Pero, ¿qué nos dicen las Escrituras sobre este asunto? La clave de la enseñanza bíblica acerca de la crianza de los hijos está en Efesios 6:4: «Y vosotros, padres, no provoquéis a ira a vuestros hijos, sino criadlos en disciplina y amonestación del Señor».

El libro de Proverbios habla de la disciplina. «La necedad está ligada en el corazón del muchacho: mas la vara de la corrección la alejará de él» (22:15). Esta es una afirmación categórica: ¡Hay necedad en el corazón del muchacho!«El que detiene el castigo, a su hijo aborrece; mas el que lo ama, desde temprano lo corrige» (Prov. 13:24). «Castiga a tu hijo en tanto que hay esperanza» (19:18). Esto último da a entender que una disciplina tardía es inútil. «No rehúses corregir al muchacho, porque si lo castigas con vara, no morirá. Lo castigarás con vara, y librarás su alma del Seol» (Prov. 23:13-14). La moderna pedagogía aconseja que los hijos no deben ser castigados, para no dañar su autoestima, o porque pueden tornarse rebeldes. Pero la Escritura exhorta a los padres creyentes a corregir al muchacho.

Existe el supuesto de que es señal de amor a los hijos dejarles hacer lo que quieren. Sin embargo, la Escritura dice que el que no castiga a su hijo, lo aborrece, y el que lo ama, lo corrige desde pequeño. Aun más, el mismo Señor procede así con sus hijos (Prov. 3:12, Heb. 12:5-6).

La disciplina, sin embargo, ha de tener un freno, porque es del Señor. Proverbios 19:18 dice: «Castiga a tu hijo en tanto que hay esperanza, mas no se apresure tu alma para destruirlo». Y es que, al corregir a nuestros hijos, podemos excedernos; puede usarse la disciplina meramente como un desahogo a la ira contenida. Sin embargo, debemos disciplinar. El freno será nuestro amor, y el Espíritu Santo, quien nos ha dado dominio propio (2 Tim. 1:7).

«Instruye al niño en su camino, y aun cuando fuere viejo no se apartará de él» (Prov. 22:6).
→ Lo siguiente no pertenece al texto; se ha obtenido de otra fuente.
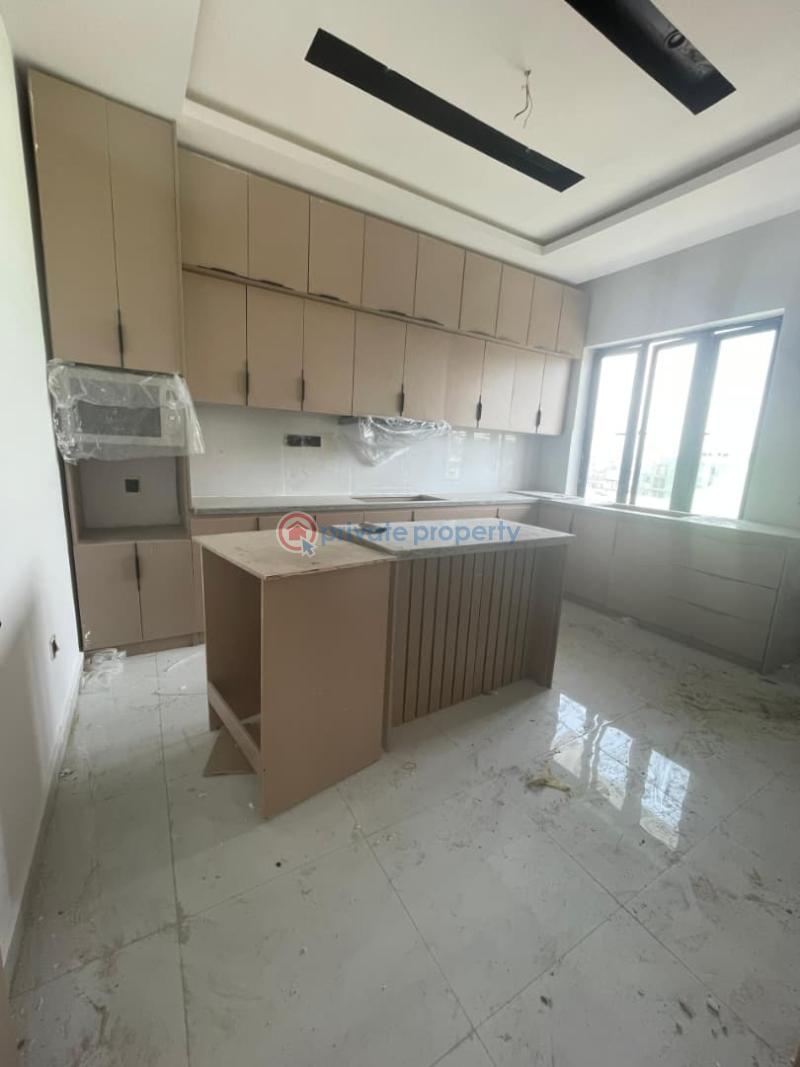 2 bedroom Block Of Flats For Sale Estate, Freedom Way Lekki Lekki Phase 1 Lagos - 11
Así como la disciplina debe aplicarse a los niños desde pequeños, también la instrucción o amonestación. La enseñanza tierna de la madre, primero; luego la del padre, un poco más firme; la instrucción permanente de ambos, en toda ocasión y en todo tiempo, quedarán indelebles en el corazón del hijo. Podrá el muchacho apartarse por un tiempo, pero finalmente volverá al cauce que en su corazón marcó la Palabra verdadera. La instrucción no es sin la disciplina, ni la disciplina sin la instrucción. Como en todas las cosas de Dios, aquí también el equilibrio es fundamental.